久しぶりに仕事に没頭、読書もできた

 そして家族と離れてスーダンに行ってみたら、久しぶりに仕事に没頭する感覚を取り戻したそうです。本を持参して読むこともできました。

 「現地のことを何も知らなかったと思い知らされ、出張には大きな収穫がありました。国内避難民が生まれて緊急に食料や衣料品の支援をし、時間が経って生活の再建にシフトしました。生計を向上させるために菜園づくりを支援し、野菜は現地の人たちが食べるほか、売って現金収入につながっています」

 これまでに避難民の住居やトイレ建設の支援もしました。近年は、井戸などの給水施設はある程度、行き渡りました。「でも新たな問題がありました。出生登録がない子や、手続きをしていない子は学校に行けません。 村から逃げてきたお母さんたちの識字率は低く、学費の問題もあります。そこで母親向けの識字教室を開き、多くの子どもが学校に通えるように校舎の増設なども進めています」

 こうした支援には、小林さんの子育て経験からの視点も生かされるでしょう。「スーダンのすべてを見られたわけではありませんが、彼らがたくましく生きている姿に力づけられました。大変そうに見えても、この子たちにとっては普通の生活なんだなと。また行きたいと思いました」

パレスチナにも単身で出張

 小林さんはスーダンを訪ねた後も、支援の現場に行くチャンスがありました。2017年の8月後半から1ヵ月、混乱の続くパレスチナに出張しました。
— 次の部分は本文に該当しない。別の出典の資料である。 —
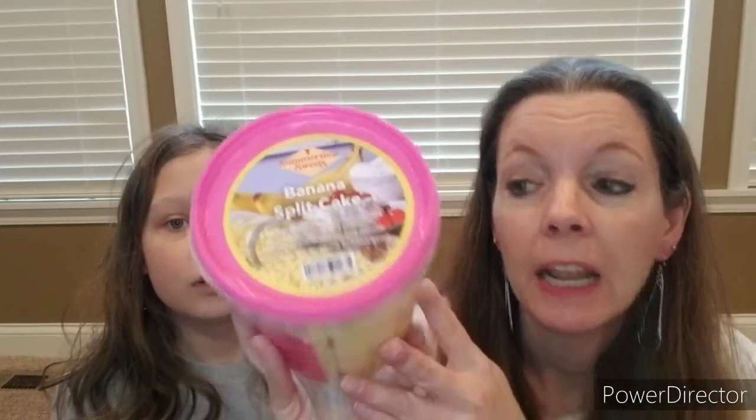First, we have Banana Split Cake — sounds pretty awesome! It has the same logo that was on Scent Flirt. By the way, if you haven't seen that, check it out — we went through our latest Scent Flirt, and some of the scents in this blend batch were in our Scent Flirt too. Do you want to read the description? Butter graham cracker layered with Cool Whip, banana and pineapple, and topped with pecans and cherries.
 「息子に『また行っていい?』と言ったら、最初は『嫌だな』と言われて。最終的には、夫と快く送り出してくれました。保育園の先生にも『また留守にするので』とお願いして、変わりなかったです。帰ってきてしばらくは、ママにべったりでしたけど」

 パレスチナは小林さんの担当ではありませんが、現地に行ってみて現状を理解できました。「スーダンとまた違う問題を抱えています。滞在中は、想像もしなかったことが起きたり慌ただしい日々でした。日本ではさっと済むことが、半日かかるんです」

 筆者自身も短期間、娘を連れてドイツや北海道に取材に行ったことがあります。小林さんは、子連れの出張は考えないのでしょうか。「私たちが支援している国や地域は、子どもは衛生面で心配されるし、なかなか難しいです。現地に入るのも一苦労。子どもを連れて入れない地域もあるので」とのことでした。